This is IDE 1.0.5 compiled for the Uno.

So honestly, I don't think inlining is doing much except confusing the compiler.

If anyone has a more up-to-date compiler and want to test it, it would be interesting to see if it works better. [/quote]

Is it just me, or does this compiler stink, especially at optimization?

Optimization is always tricky and automated optimization is no difference. But the optimizations of compilers are tested quite a lot as it is the core of their job: Making fast code fast.

As the number of scenarios to be optimized is infinite it is impossible to test all of them. So there is also

Optimization becomes especially difficult if code includes "magic", incl casting and code near the edge of the semantic edges of the language. In those cases the compiler can only hope that the programmer knows what (s)he is doing. IMHO in the end it is the programmers responsibility to verify the code does what it was meant to do.

odometer:
Is it just me, or does this compiler stink, especially at optimization?

Looking at the generated code, even without the “inline” keyword, it looks to me like it was inlining stuff. So I wouldn’t agree that it stank/stunk or whatever the word is.

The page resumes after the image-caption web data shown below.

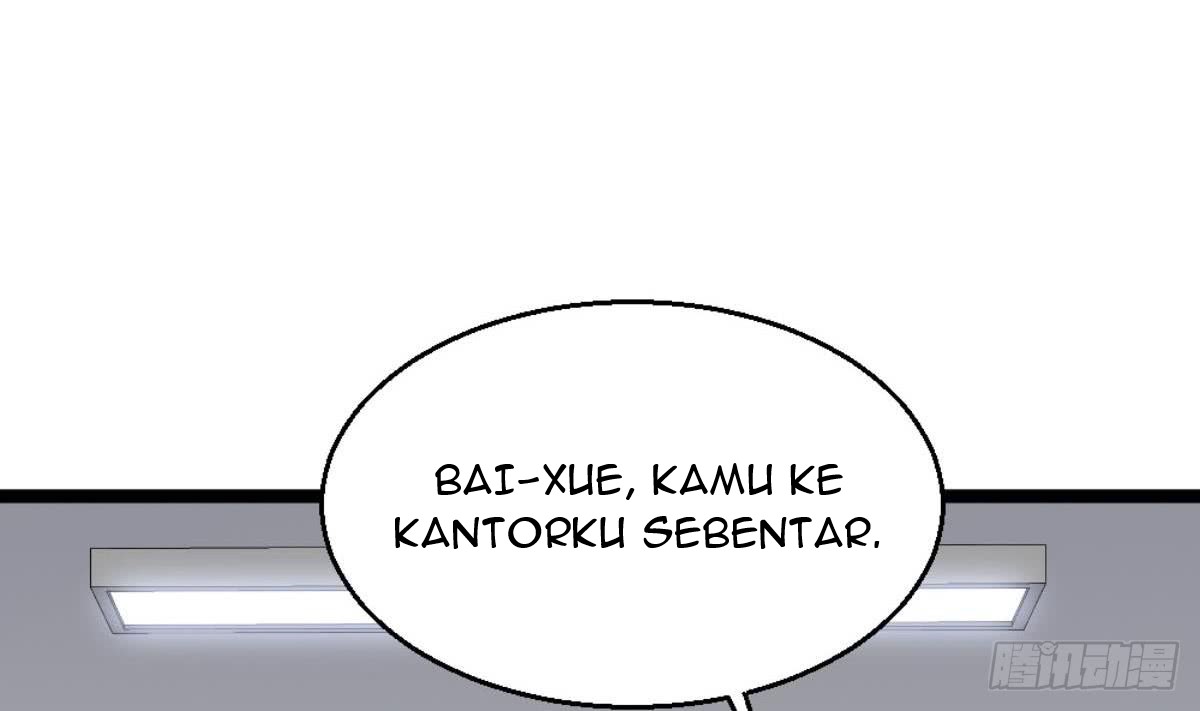 Most Arrogant Son In Law Chapter 06 Gambar 6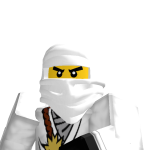 @ReidRagnarok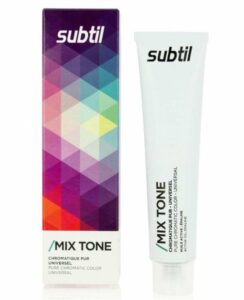 SUBTIL MIX TONE VIOLET 60ML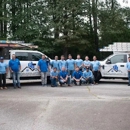 Redemption General Contractors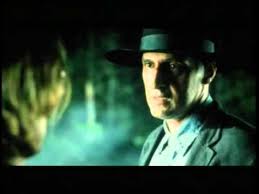 Johnny depp (nominé aux academy award®, 2003, meilleur acteur, pirates of the caribbean: Fenetre Secrete Bande Annonce Trailer Fr Stephen King Youtube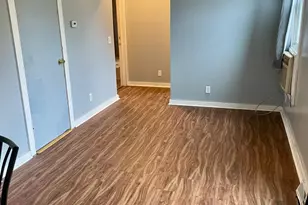 763 W Mark St, Winona, MN 55987 - Photo 20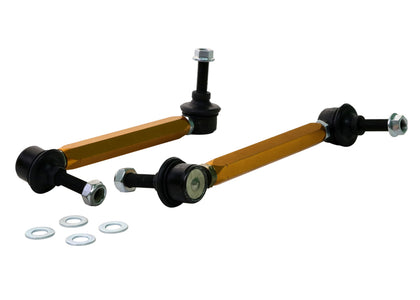 For 1992-2006 Lexus Toyota Acura Suspension Stabilizer Bar Link Kit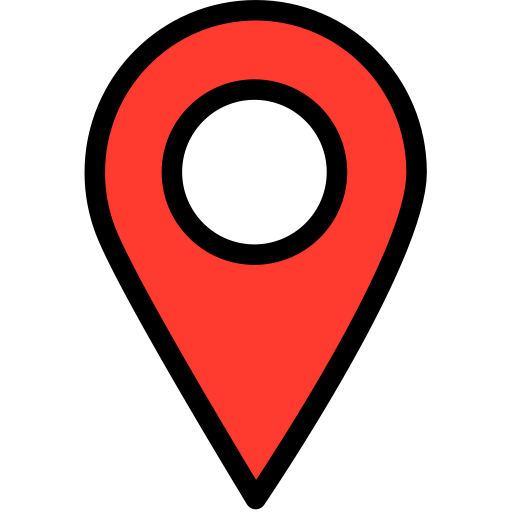 Group, Group, Hierarchy Icon With Png And Vector Format For Free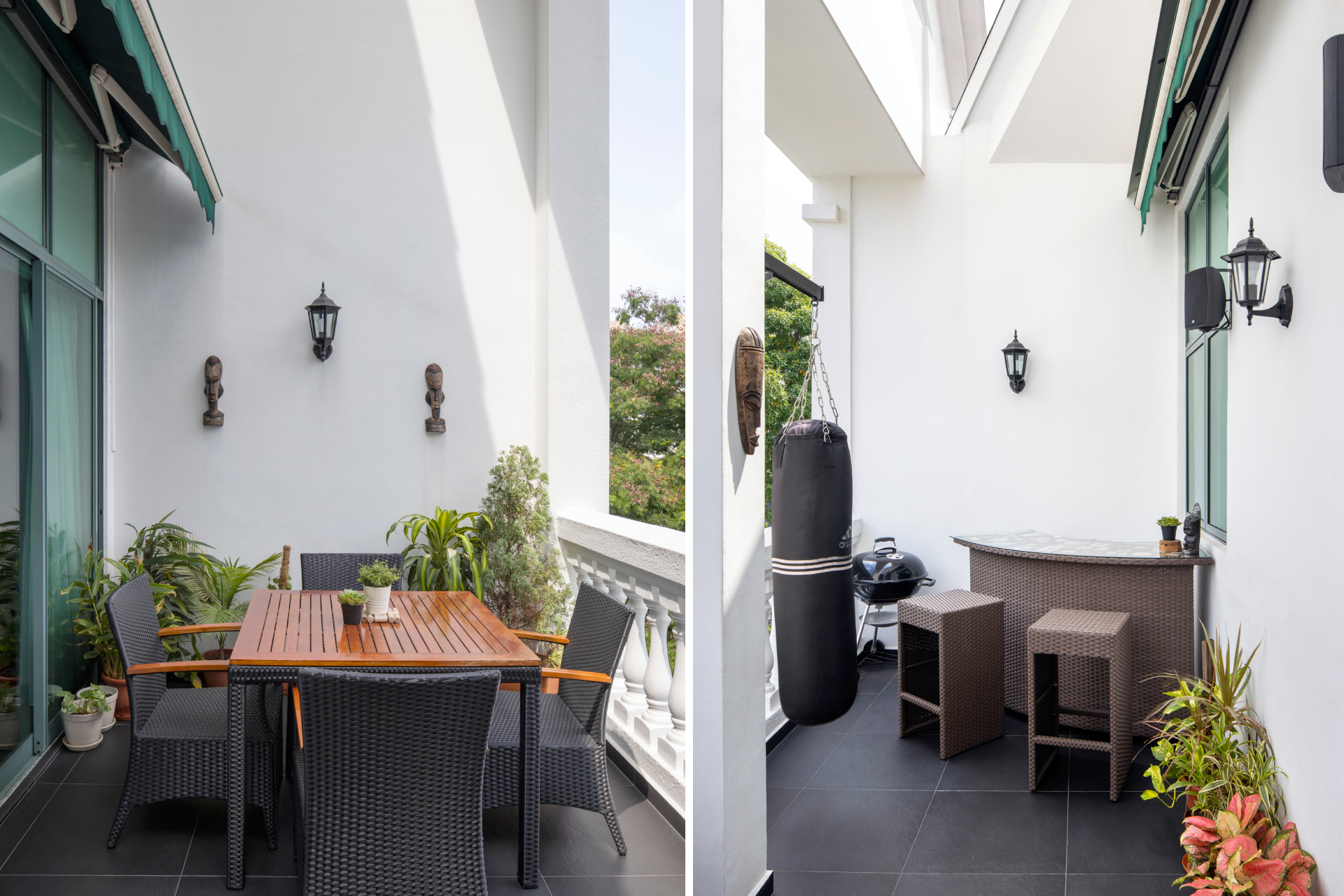 Ensure The Penthouse Interior Design Is Tailored To Your Expectations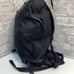 Lowepro Backpack Black Camara Carrier Men’s Travel Rare Accessories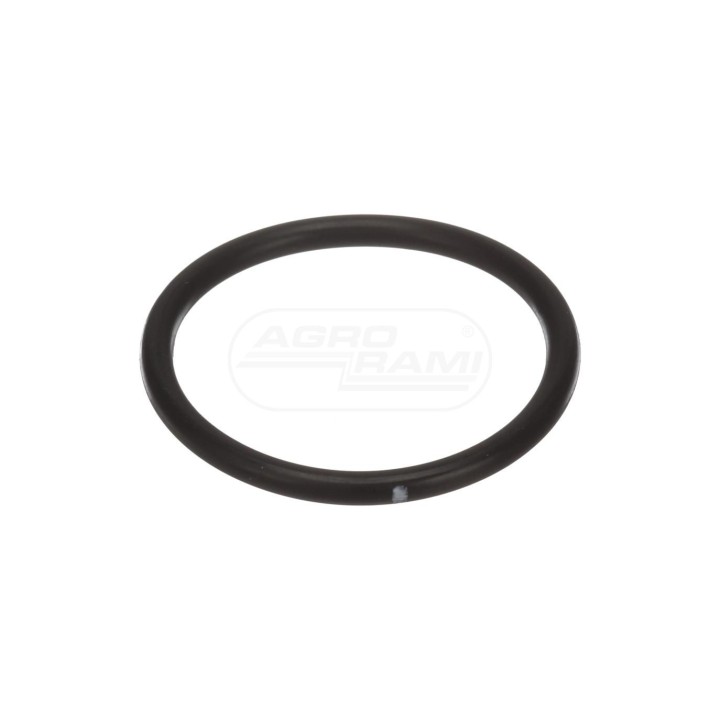O-ring 235757 Case IH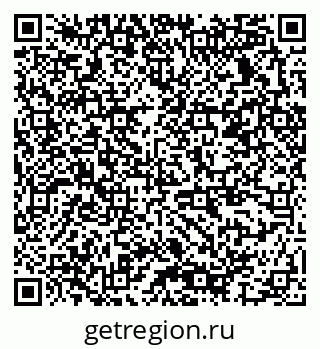 79378137189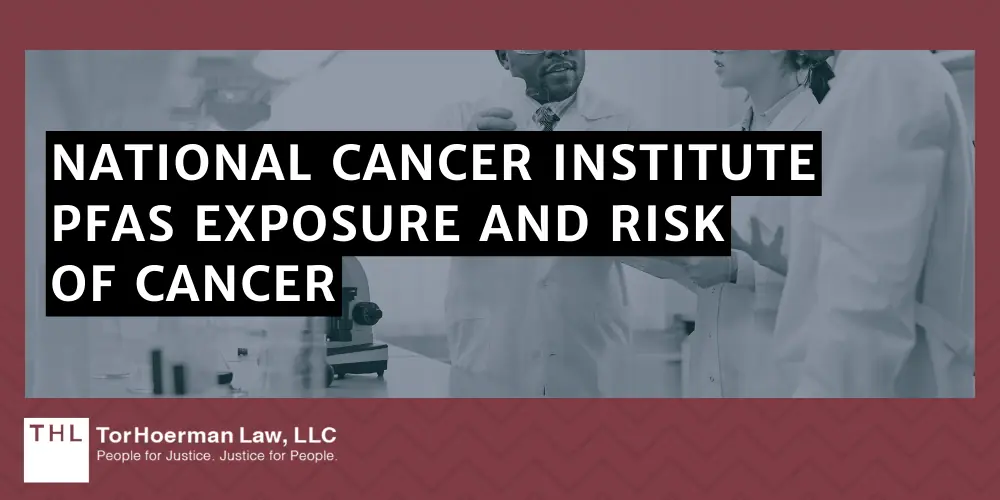 Scientific Evidence on AFFF and Cancer; AFFF and Cancer; AFFF Lawsuit; AFFF Lawsuits; AFFF Firefighting Foam Lawsuit; AFFF Firefighting Foam Lawsuits; AFFF Foam Cancer Lawsuit; AFFF Cancer Lawsuit; Firefighting Foam Cancer Lawsuits; What Is AFFF Firefighting Foam And Why Is It Dangerous; Who Introduced AFFF Firefighting Foam; Why Was AFFF Foam Introduced and Used; AFFF Regulation And Phase-Out; Existing Evidence Proving AFFF Firefighting Foam Cancer; National Cancer Institute – PFAS Exposure And Risk Of Cancer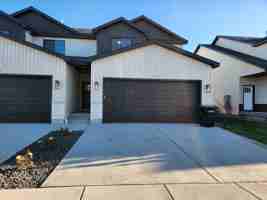 featured image of 3028 Malakai Ct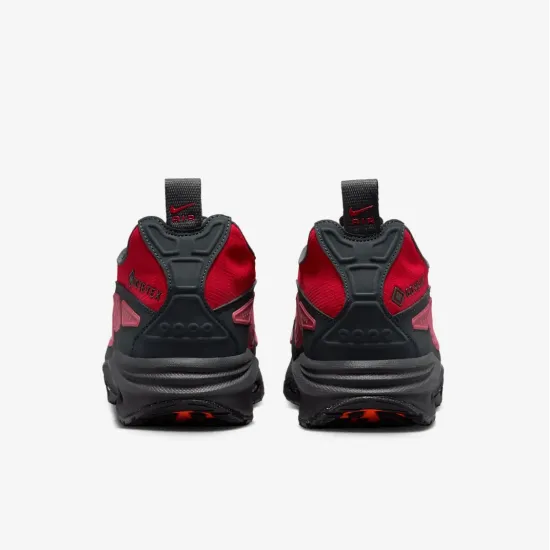 Кросівки Nike Air Max SNDR Gore‑Tex FZ4238-800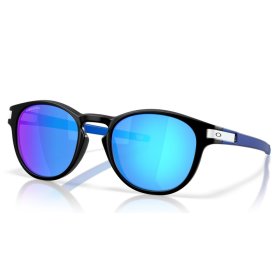 Oakley Latch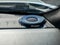 2022 Jeep Grand Wagoneer Series II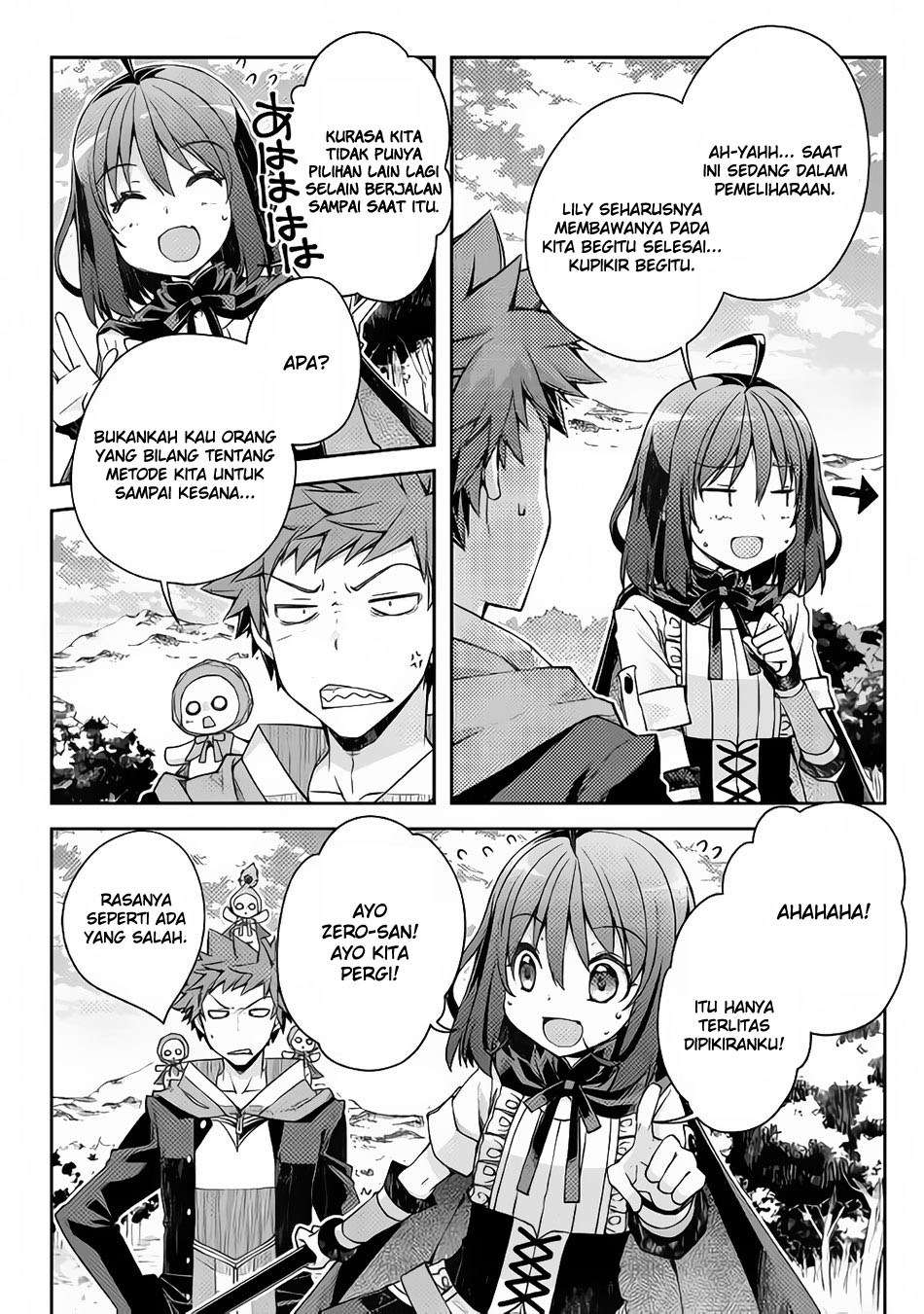 Chapter 19 - halaman 7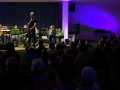 Bild_09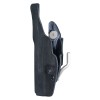 UD_G-code Phenom Command Holster for Glk G43x with RL Accessory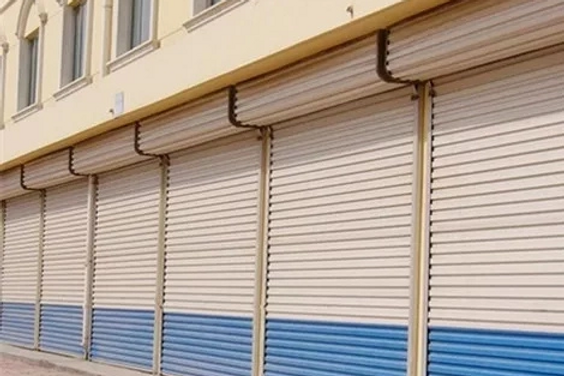 8AOJTSAC-UDSE-EU44-GCBN-R2C5.png
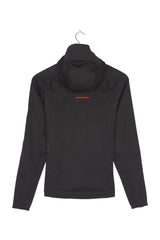 Softshelljacke für Damen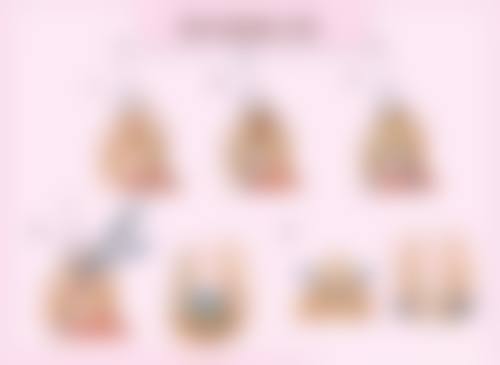 怎么消除眼袋又快又好？多维度方法大揭秘，助你快速告别眼袋困扰 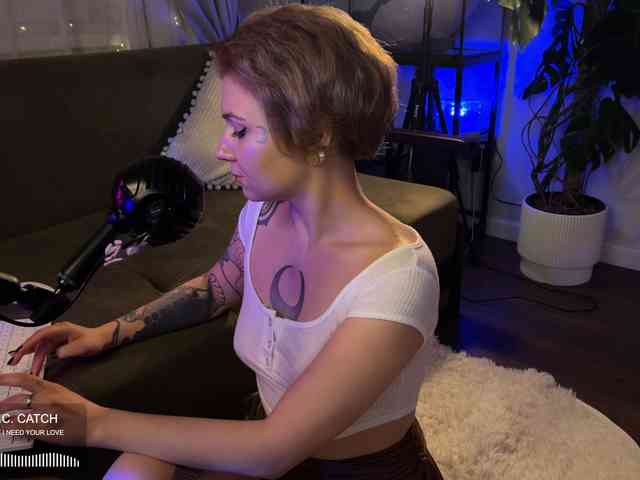 bySOVA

What seems more likely is that the case of people using inline multiple times (as you did) when not necessary (as the compiler was already inlining) has kicked it into some sort of bug that has gone unrecognized so far. Mainly because so few people are doing that, that the bug hasn’t surfaced often.

Every now and then people produce test cases which demonstrate that the compiler has not perfectly optimized (I think integer multiplication might be one of them) but for most code I have seen the code generated is pretty efficient.

If you have the energy, you could go through the gcc bug tracker, try to work out if this bug has been reported before, and if not, report it.